Multimodal Model Developer

6 days ago

Vapi, Gujarat, India beBeeResearch Full time ₹ 12,00,000 - ₹ 16,00,000

Research and Development Position

We are seeking a highly skilled Research Engineer to build advanced models that bridge perception and language understanding for autonomous systems across multiple platforms.

Main Responsibilities:

Develop multimodal models using deep learning techniques for instruction following, scene grounding, and tool use.
Pretrain and fine-tune vision-language models (VLMs) aligning them with robotics data including video, teleoperation, and language inputs.
Build perception-to-language grounding for referring expressions, affordances, and task graphs in robotics applications.
Create evaluation pipelines for instruction following, safety filters, and hallucination control.
Collaborate with cross-functional teams for integration of models into robotics platforms.
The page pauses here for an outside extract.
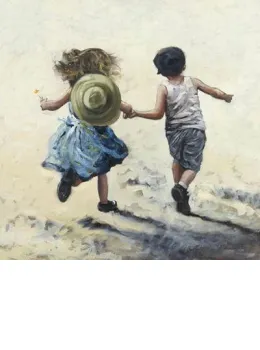 Forever Young - Mounted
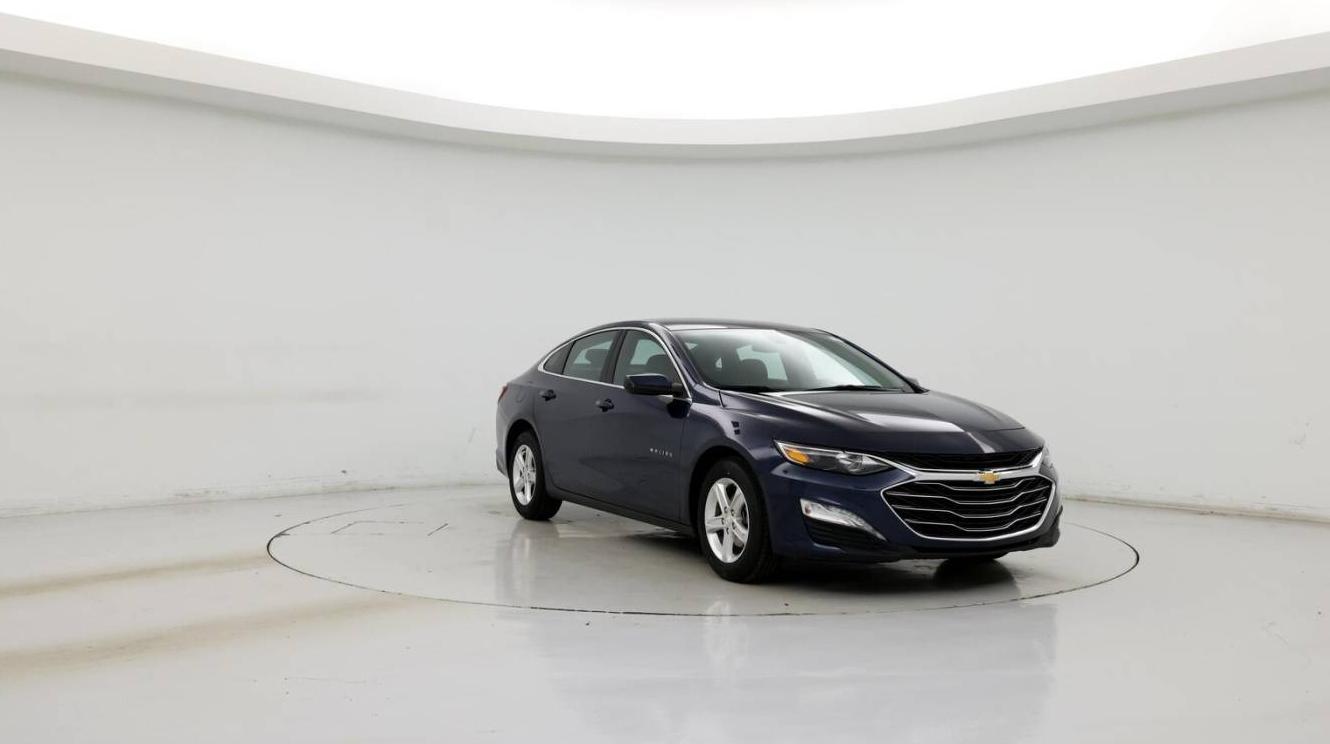 CHEVROLET MALIBU 2022 1G1ZD5ST7NF135070 image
Required Skills and Qualifications:

Master's or Ph.D. in Computer Science, Robotics, or a related field.
1-2+ years of experience in Machine Learning and/or Computer Vision.
Strong proficiency in PyTorch or JAX; experience with Large Language Models (LLMs) and VLMs.
Familiarity with multimodal datasets, distributed training, and Reinforcement Learning/Imitation Learning.

Nice-to-Haves:

Experience with world models, diffusion-policy integration, and speech interfaces in robotics.
Familiarity with sim-to-real transfer in robotics applications.
Success on language-based tasks such as natural language processing and machine translation.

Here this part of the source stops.